Medal awarded to British soldier killed during Easter Rising sold for £1,300

Updated

A medal awarded to a British soldier killed during the Easter Rising after he was mistaken for a Sinn Fein spy has sold at auction for £1,300.

Lieutenant Basil Worswick died on April 29 1916 at the Guinness Brewery in Dublin after he was confronted by a guard.

He served for the King Edward’s Horse, a cavalry regiment of the British Army.

Auction house representative Christopher Mellor-Hill said: “The medal attracted a lot of interest and was bought by a collector who had owned Lieutenant Worswick’s other two World War One medals for over 30 years and has been looking for his 1914-15 Star all this time, so we are very pleased to have been able to reunite them at long last.”

Easter Rising medal
(Dix Noonan Webb/PA)

Lt Worswick went with the 2nd Battalion to Ireland to help quell the rebellion in Dublin.

On the night of April 28-29, a detachment of Dublin Fusiliers was stationed at the malt house of the brewery.

When the night clerk of the brewery, accompanied by Lieutenant Lucas of the King Edward’s Horse, was making his nightly round of the brewery buildings, he was challenged by the “very nervous and jumpy” guard from the Royal Dubliners, auction house Dix Noonan Webb said.

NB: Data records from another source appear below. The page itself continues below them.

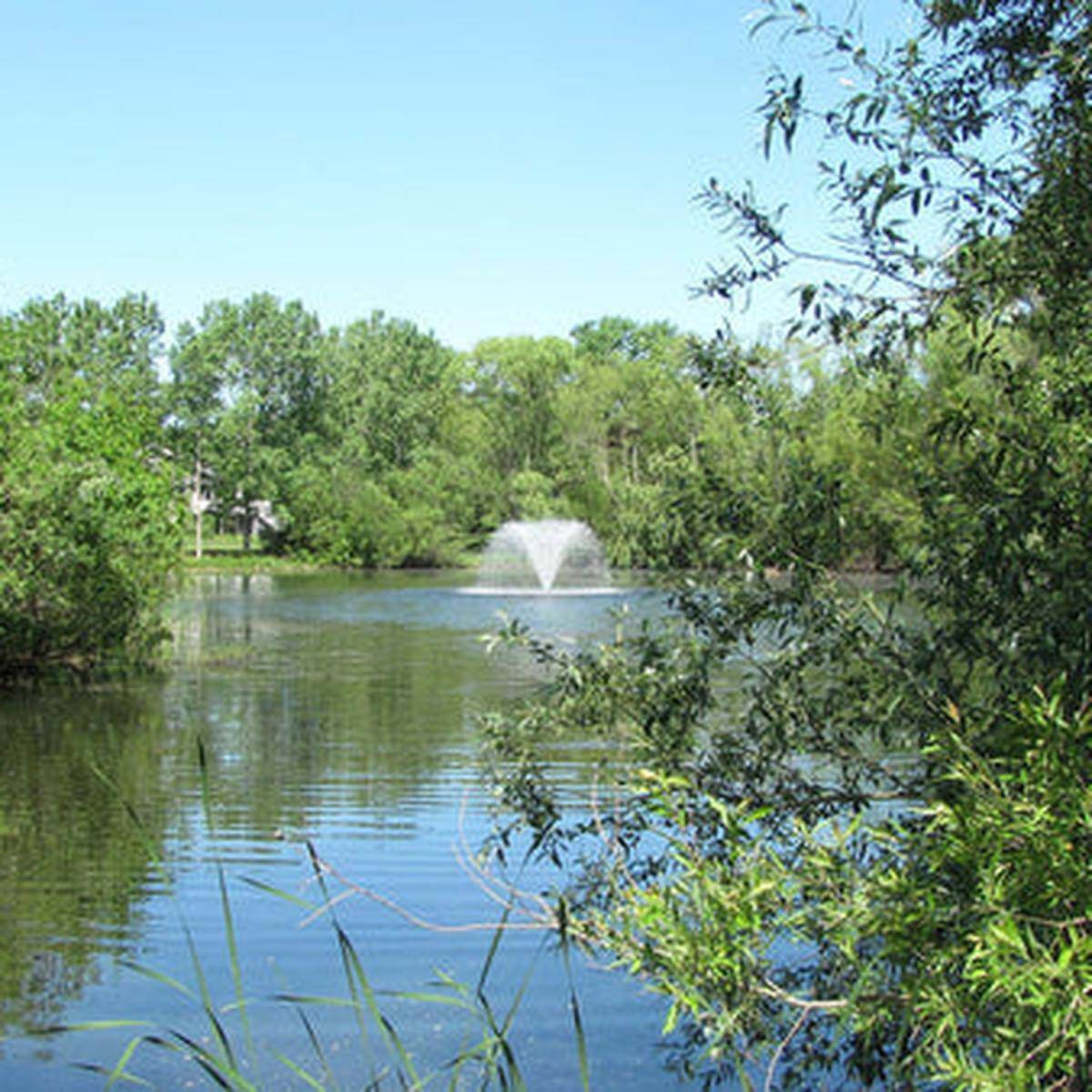 Scott Aerator North Star fountain aerator spraying decorative water display in a pond surrounded by trees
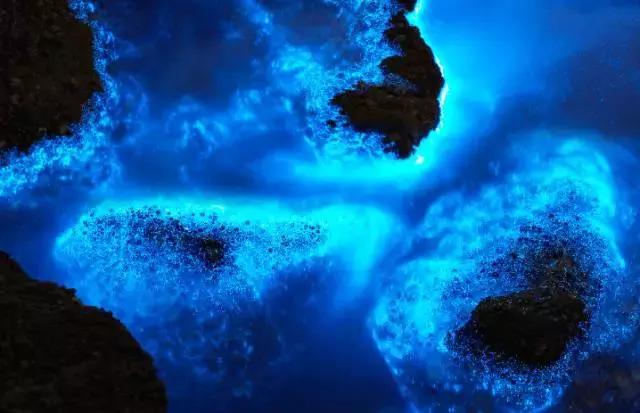 江浙沪500以内网红民宿,最适合小住的海边民宿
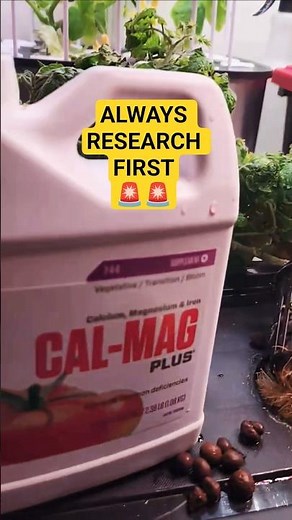 The SECRET NUTRIENT making DWC Tomatoes EXPLODE🤯 #Shorts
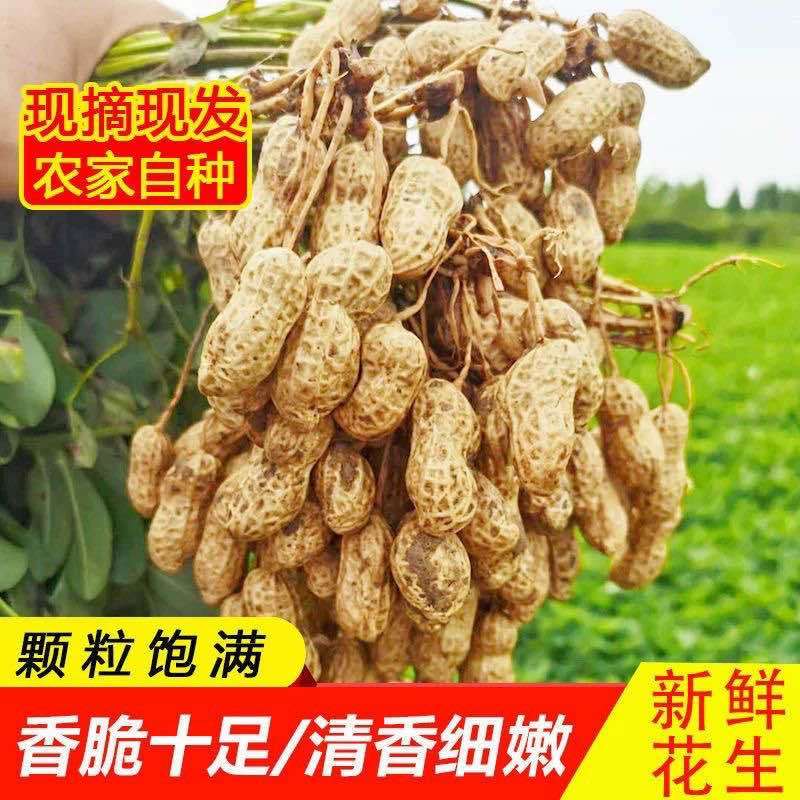 产地直发新鲜花生批发一件代发都支持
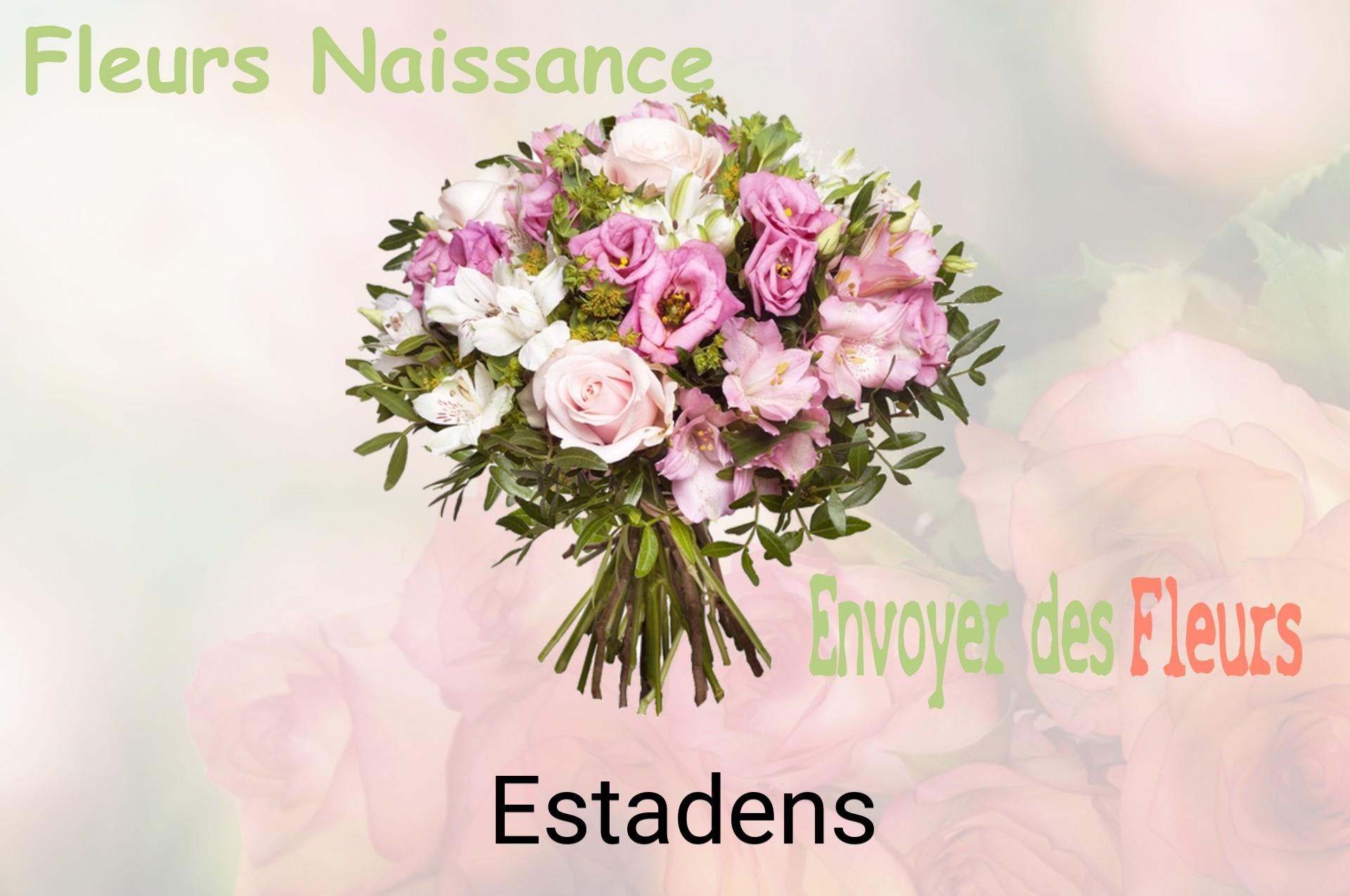 Bouquet de fleurs de naissance livré à Estadens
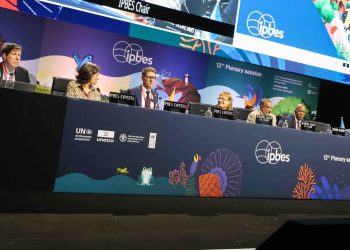 Chile se posiciona en pacto global que redefine el vínculo entre economía y biodiversidad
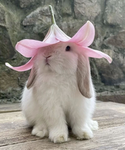 .BUNNY SWEETHEARTS.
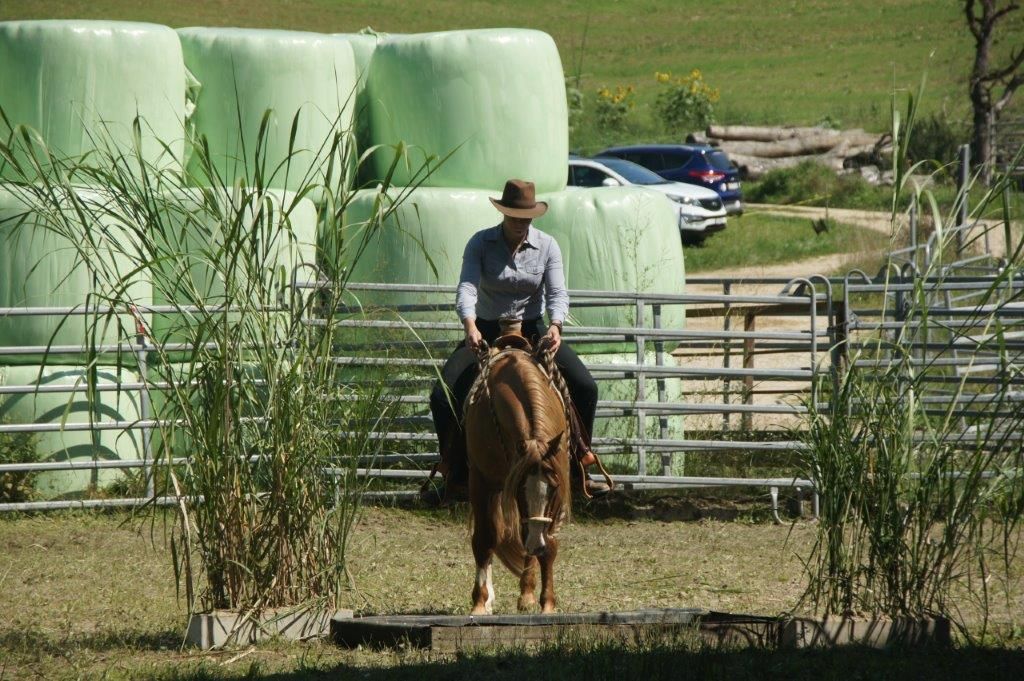 Swiss Ranch Horse Association - SRHA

Mistaken for Sinn Fein independence supporters trying to infiltrate the brewery, the guard shot the night clerk and Lt Lucas dead.

Lt Worswick, in the next picket along, heard the commotion and went to the malt house.

The auction house said: “Challenged and searched by a sergeant of the Dublin Fusiliers, he rushed at him, knocked the man down.

“The guard, seeing this, and believing Worswick also to be a Sinn Fein spy, killed him instantly.”